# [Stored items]
□ □ □ □
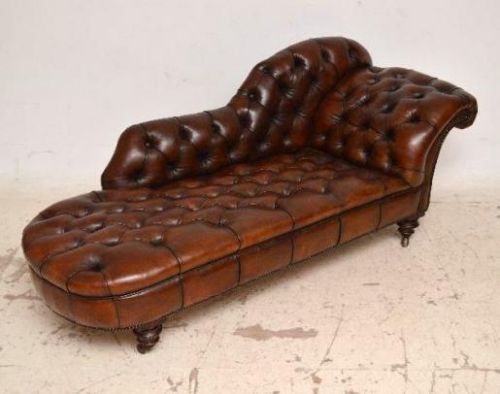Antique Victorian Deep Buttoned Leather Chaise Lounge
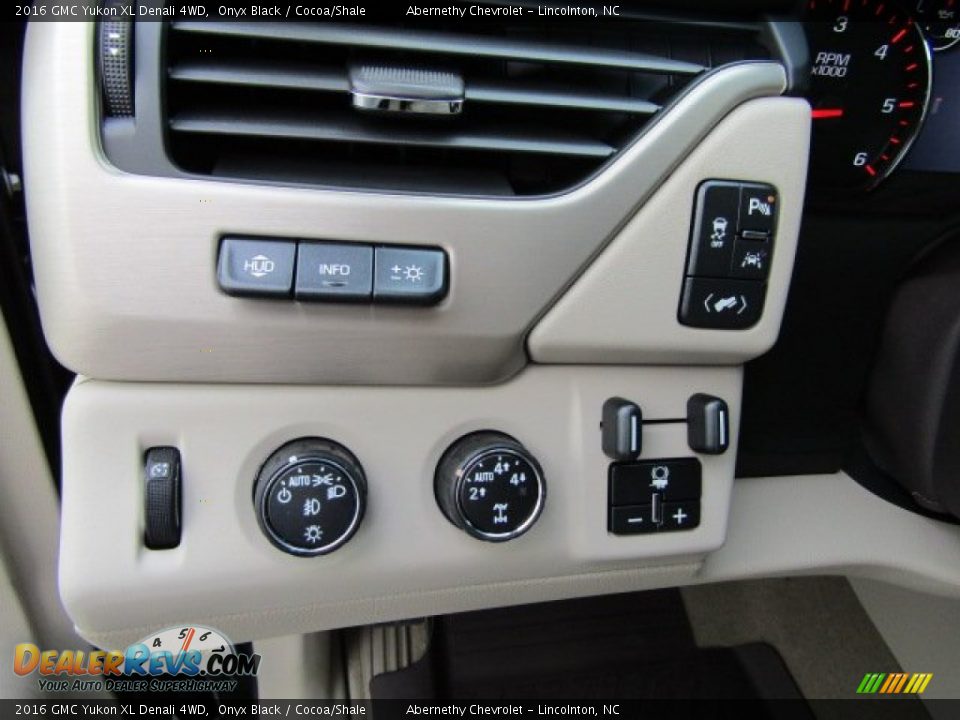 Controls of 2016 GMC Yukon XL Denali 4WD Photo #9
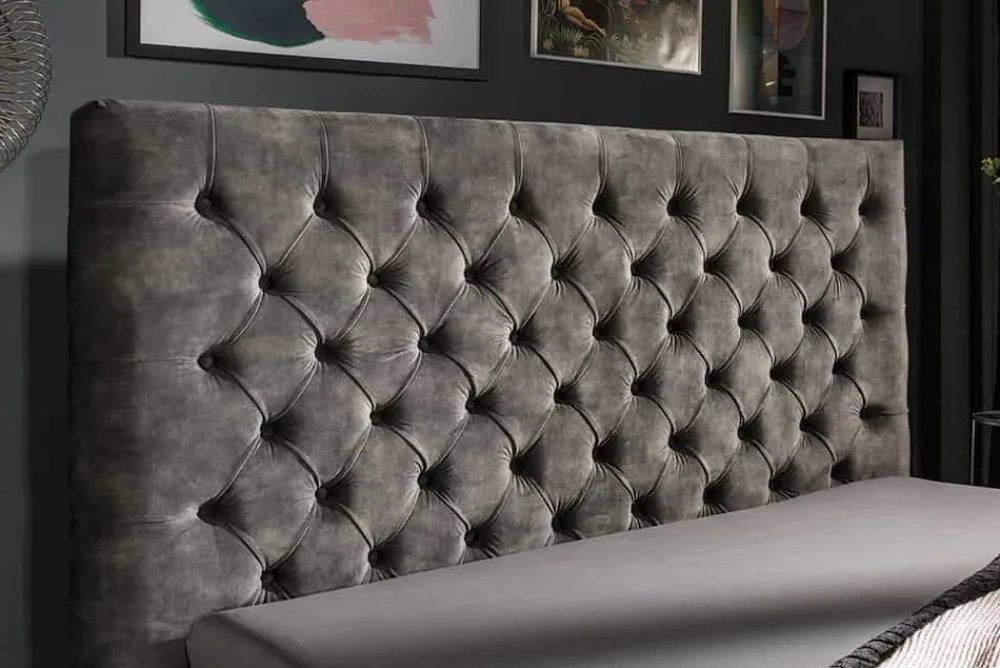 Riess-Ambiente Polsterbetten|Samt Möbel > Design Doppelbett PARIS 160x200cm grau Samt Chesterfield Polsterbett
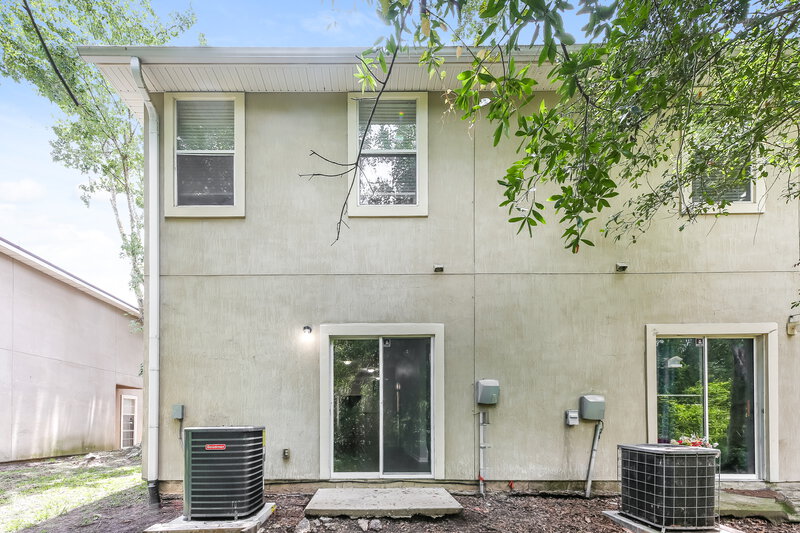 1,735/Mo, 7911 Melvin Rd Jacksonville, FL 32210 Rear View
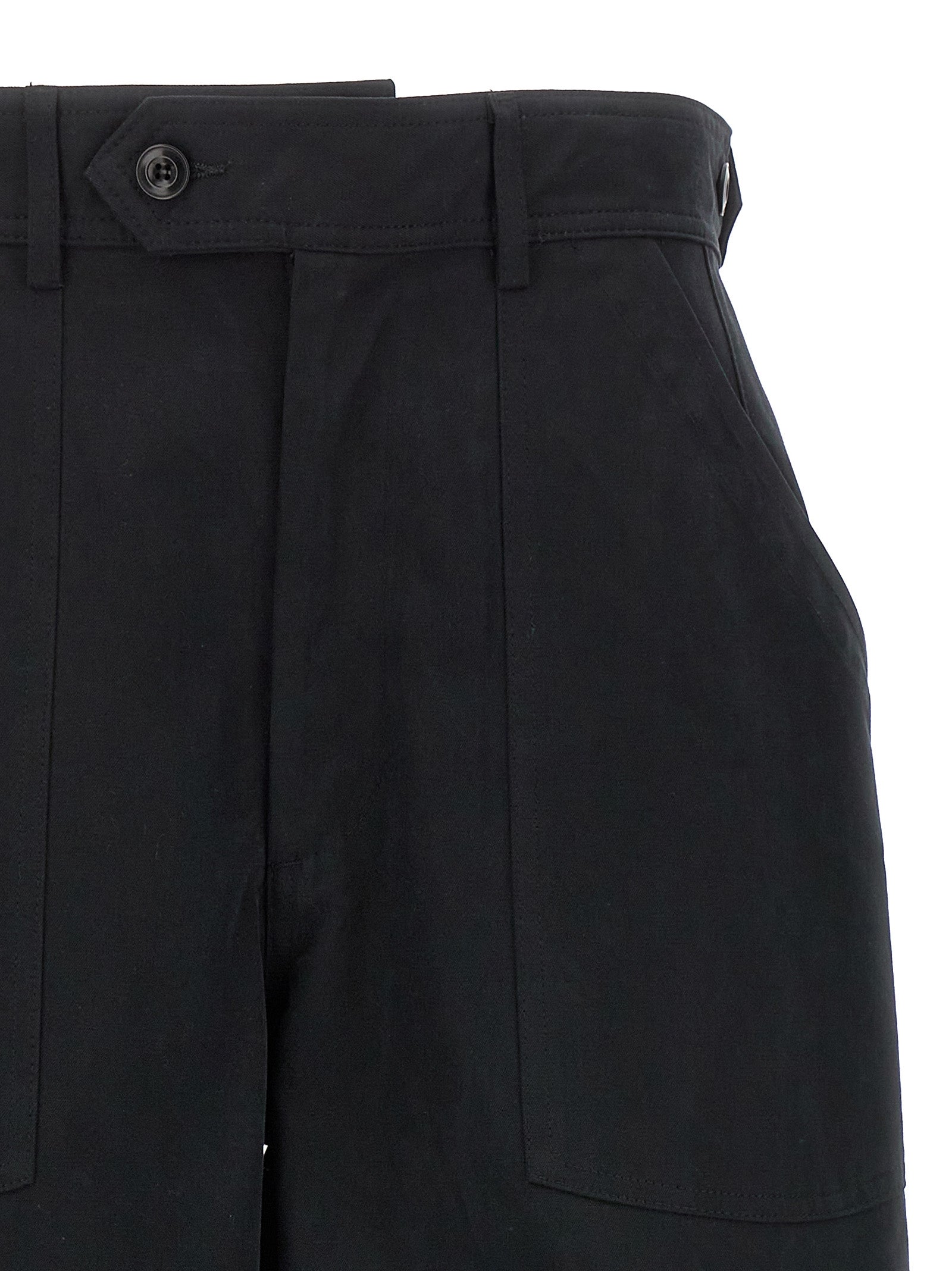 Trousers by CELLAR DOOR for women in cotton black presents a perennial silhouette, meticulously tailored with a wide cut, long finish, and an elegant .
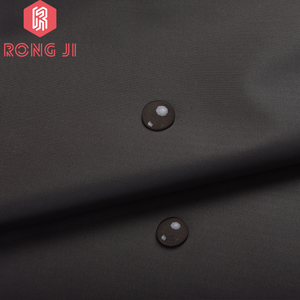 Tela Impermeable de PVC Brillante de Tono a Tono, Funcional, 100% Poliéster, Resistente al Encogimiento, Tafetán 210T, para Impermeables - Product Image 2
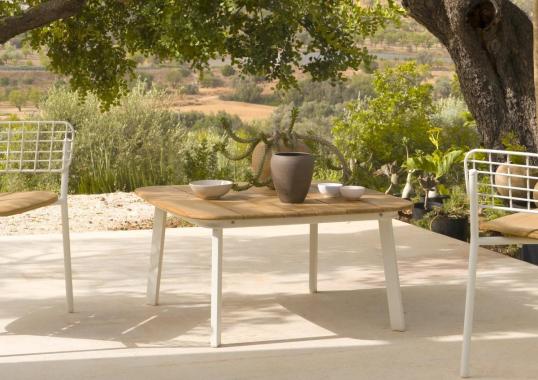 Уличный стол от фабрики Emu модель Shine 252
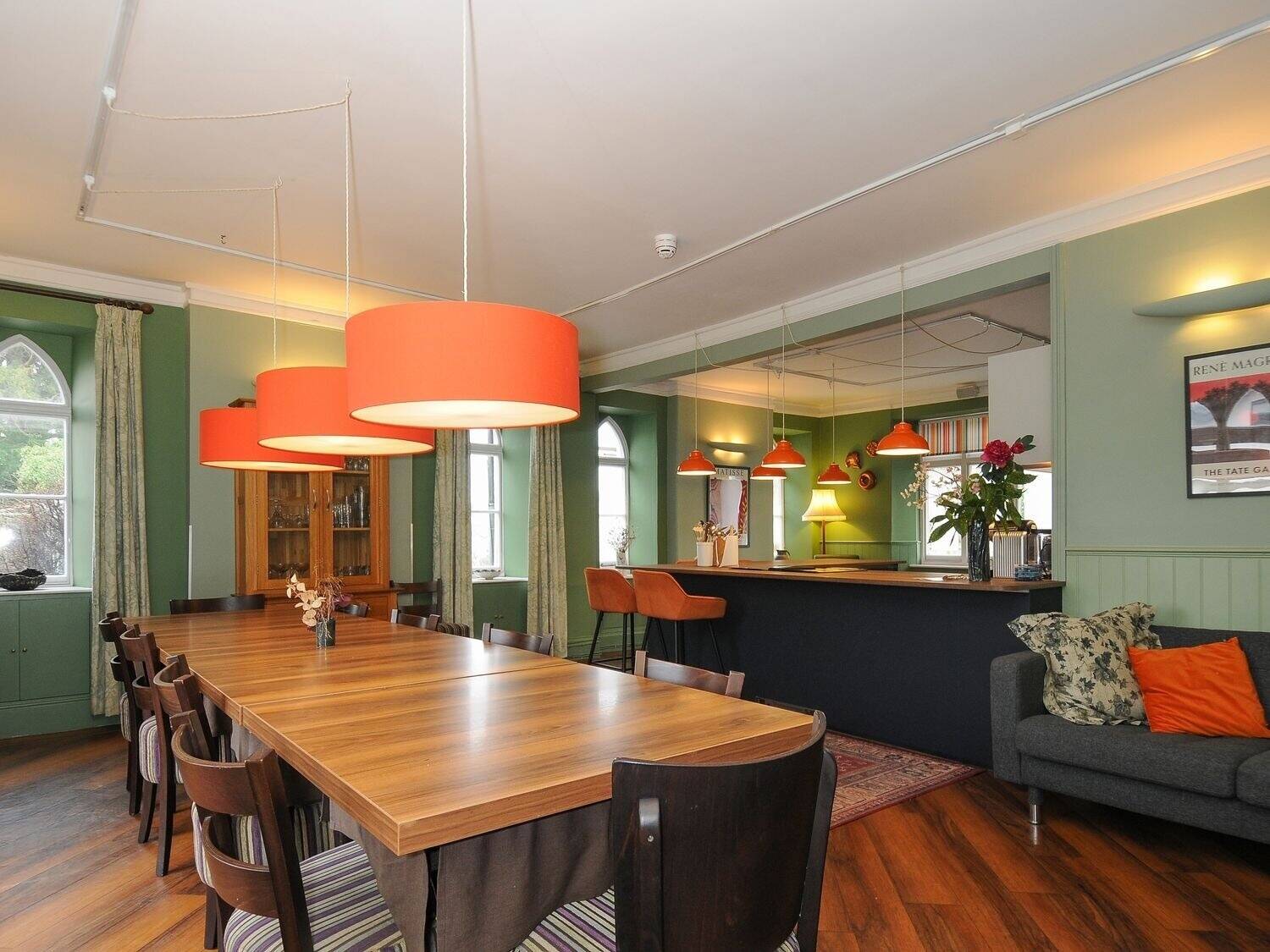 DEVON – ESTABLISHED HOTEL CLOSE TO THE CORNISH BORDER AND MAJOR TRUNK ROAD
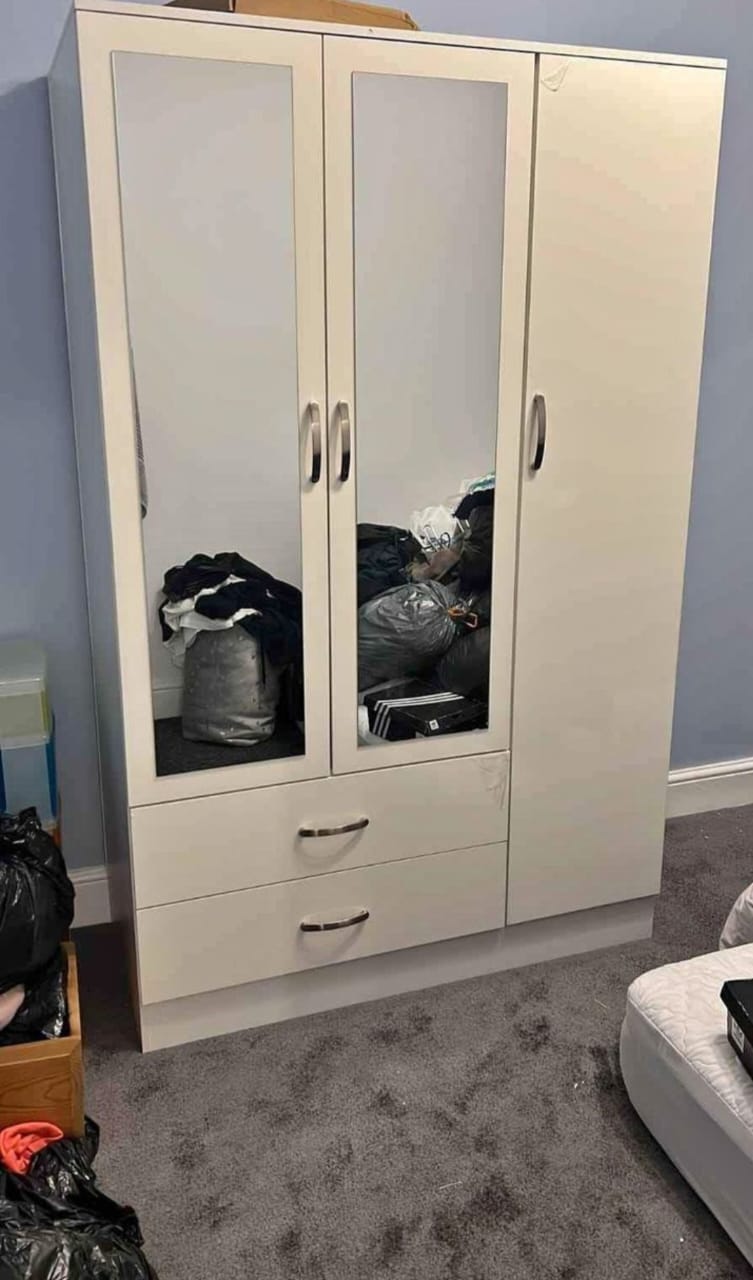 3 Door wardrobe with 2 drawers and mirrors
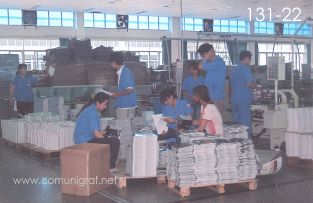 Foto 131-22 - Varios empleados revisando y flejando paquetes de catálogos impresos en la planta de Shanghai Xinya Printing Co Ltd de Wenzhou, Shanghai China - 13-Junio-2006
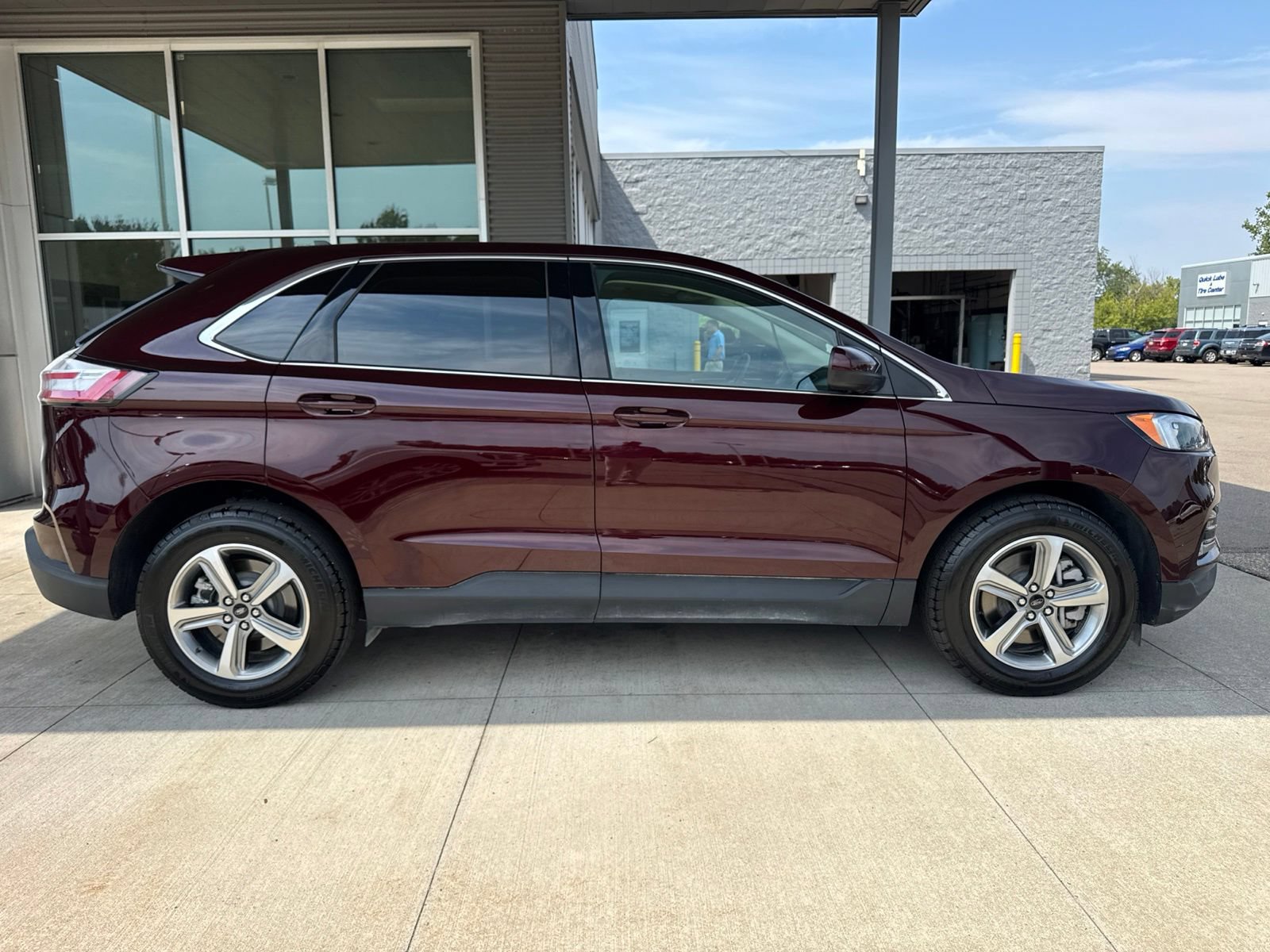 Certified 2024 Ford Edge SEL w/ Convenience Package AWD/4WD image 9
□ □ □ □
All entries should be reproduced exactly; no picture belongs in the result.

# [Finished task]
Antique Victorian Deep Buttoned Leather Chaise Lounge
 Controls of 2016 GMC Yukon XL Denali 4WD Photo #9
 Riess-Ambiente Polsterbetten|Samt Möbel > Design Doppelbett PARIS 160x200cm grau Samt Chesterfield Polsterbett
 1,735/Mo, 7911 Melvin Rd Jacksonville, FL 32210 Rear View
 Trousers by CELLAR DOOR for women in cotton black presents a perennial silhouette, meticulously tailored with a wide cut, long finish, and an elegant .
 Tela Impermeable de PVC Brillante de Tono a Tono, Funcional, 100% Poliéster, Resistente al Encogimiento, Tafetán 210T, para Impermeables - Product Image 2
 Уличный стол от фабрики Emu модель Shine 252
 DEVON – ESTABLISHED HOTEL CLOSE TO THE CORNISH BORDER AND MAJOR TRUNK ROAD
 3 Door wardrobe with 2 drawers and mirrors
 Foto 131-22 - Varios empleados revisando y flejando paquetes de catálogos impresos en la planta de Shanghai Xinya Printing Co Ltd de Wenzhou, Shanghai China - 13-Junio-2006
 Certified 2024 Ford Edge SEL w/ Convenience Package AWD/4WD image 9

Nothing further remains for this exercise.